**The data:**
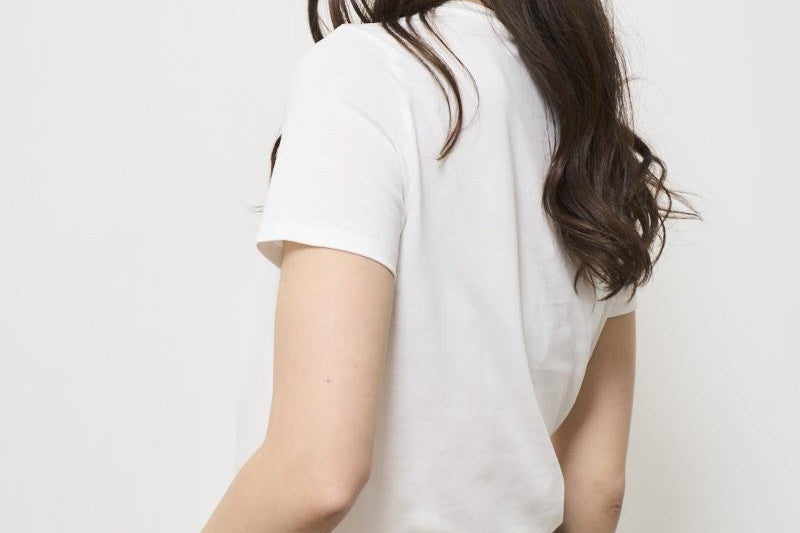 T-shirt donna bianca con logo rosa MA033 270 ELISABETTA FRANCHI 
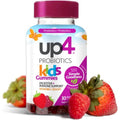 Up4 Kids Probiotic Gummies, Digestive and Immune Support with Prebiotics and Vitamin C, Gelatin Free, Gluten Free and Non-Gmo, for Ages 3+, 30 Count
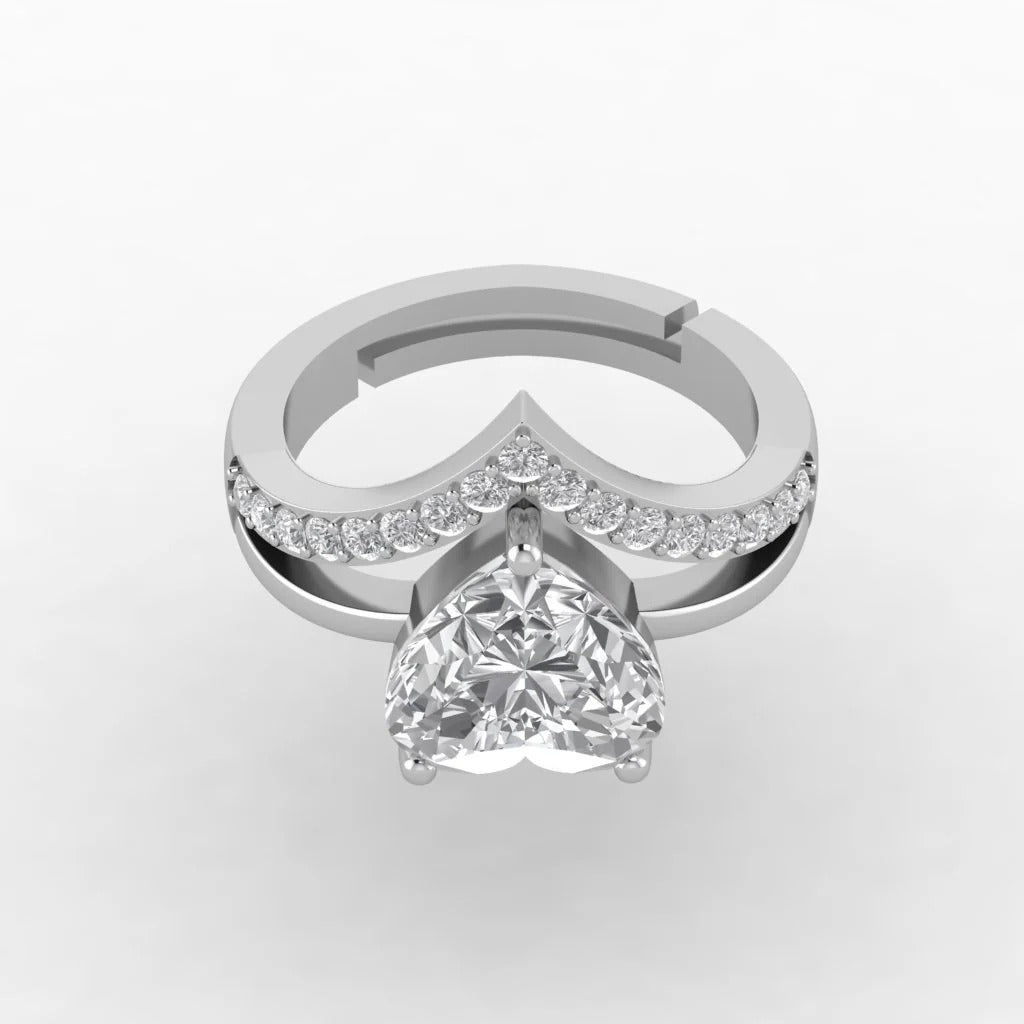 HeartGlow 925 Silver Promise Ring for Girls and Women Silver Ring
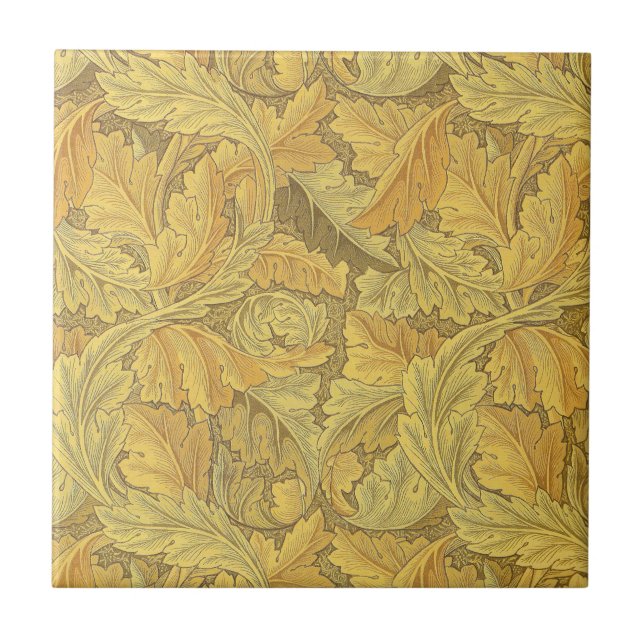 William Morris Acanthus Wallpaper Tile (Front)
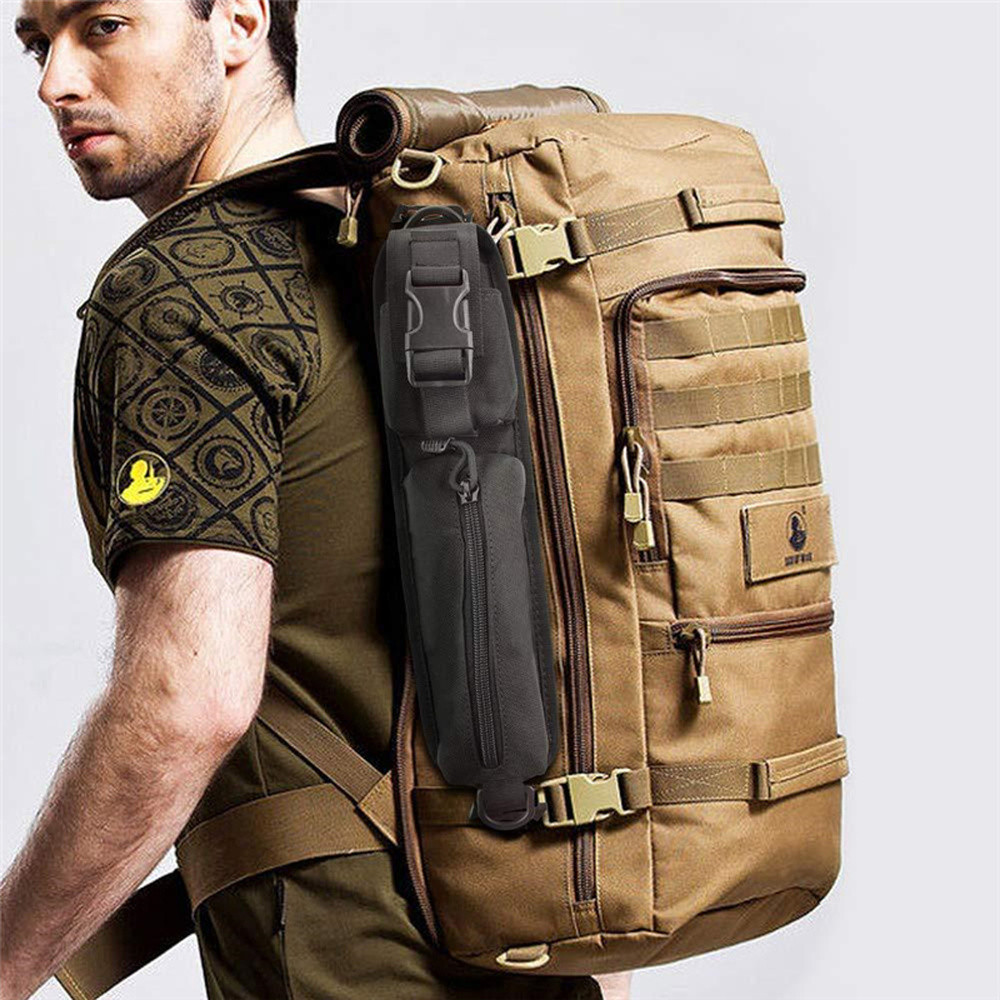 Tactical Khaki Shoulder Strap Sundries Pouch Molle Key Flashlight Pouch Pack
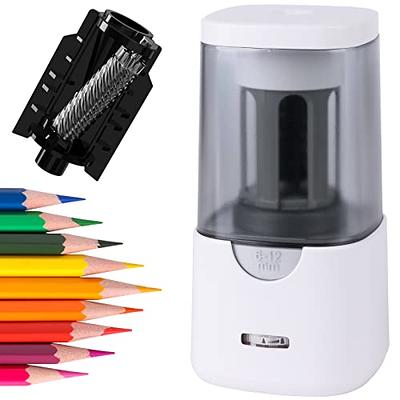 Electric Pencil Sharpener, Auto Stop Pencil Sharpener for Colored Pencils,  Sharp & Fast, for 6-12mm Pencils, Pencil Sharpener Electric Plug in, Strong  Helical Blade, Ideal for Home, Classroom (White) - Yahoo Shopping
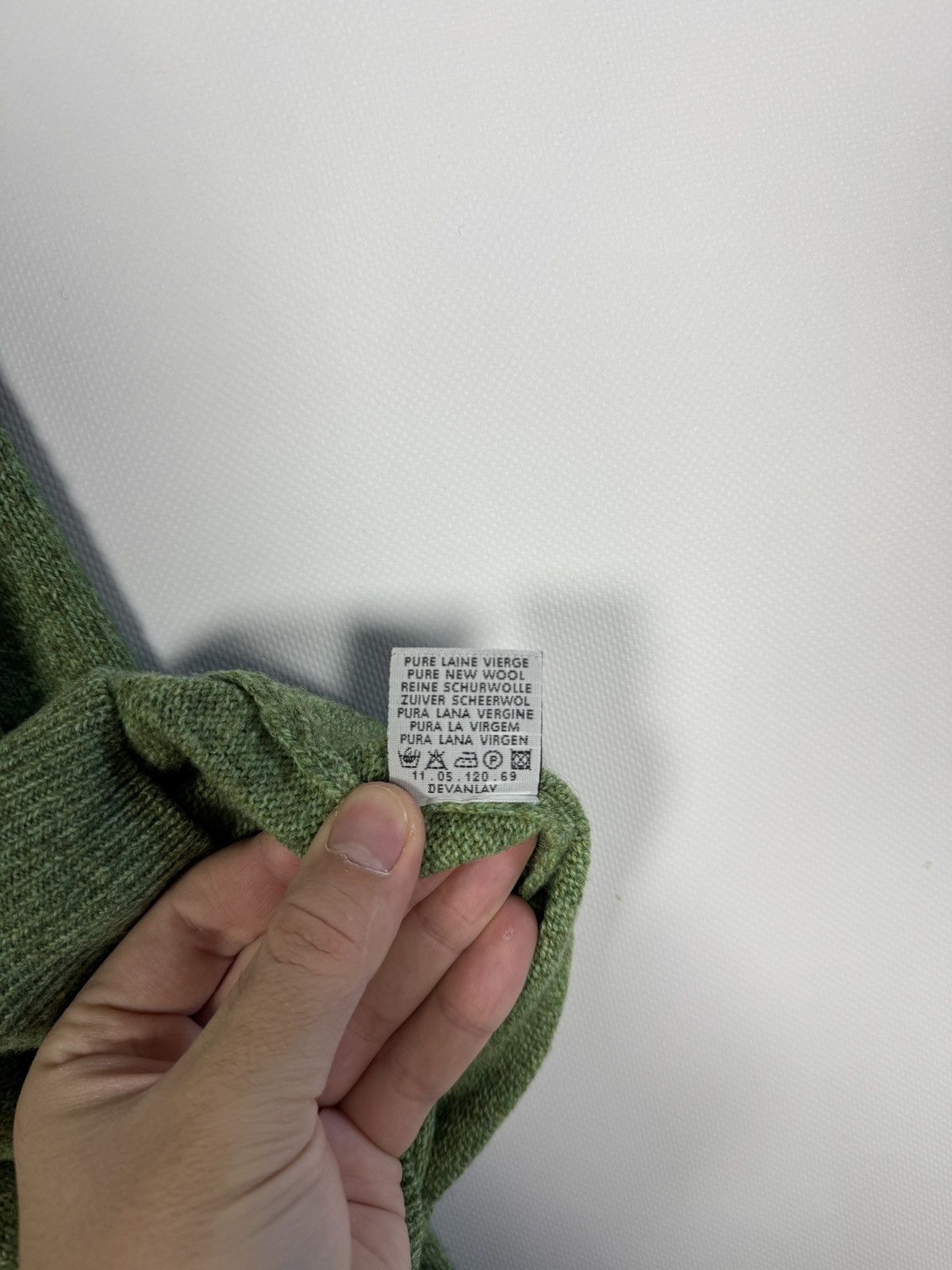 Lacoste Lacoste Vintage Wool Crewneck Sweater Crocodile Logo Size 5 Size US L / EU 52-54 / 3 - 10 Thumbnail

**Problem:** Retype the records above exactly, pictures omitted.

**Result of the exercise:**
 T-shirt donna bianca con logo rosa MA033 270 ELISABETTA FRANCHI 
 Up4 Kids Probiotic Gummies, Digestive and Immune Support with Prebiotics and Vitamin C, Gelatin Free, Gluten Free and Non-Gmo, for Ages 3+, 30 Count
 HeartGlow 925 Silver Promise Ring for Girls and Women Silver Ring
 William Morris Acanthus Wallpaper Tile (Front)
 Tactical Khaki Shoulder Strap Sundries Pouch Molle Key Flashlight Pouch Pack
 Electric Pencil Sharpener, Auto Stop Pencil Sharpener for Colored Pencils,  Sharp & Fast, for 6-12mm Pencils, Pencil Sharpener Electric Plug in, Strong  Helical Blade, Ideal for Home, Classroom (White) - Yahoo Shopping
 Lacoste Lacoste Vintage Wool Crewneck Sweater Crocodile Logo Size 5 Size US L / EU 52-54 / 3 - 10 Thumbnail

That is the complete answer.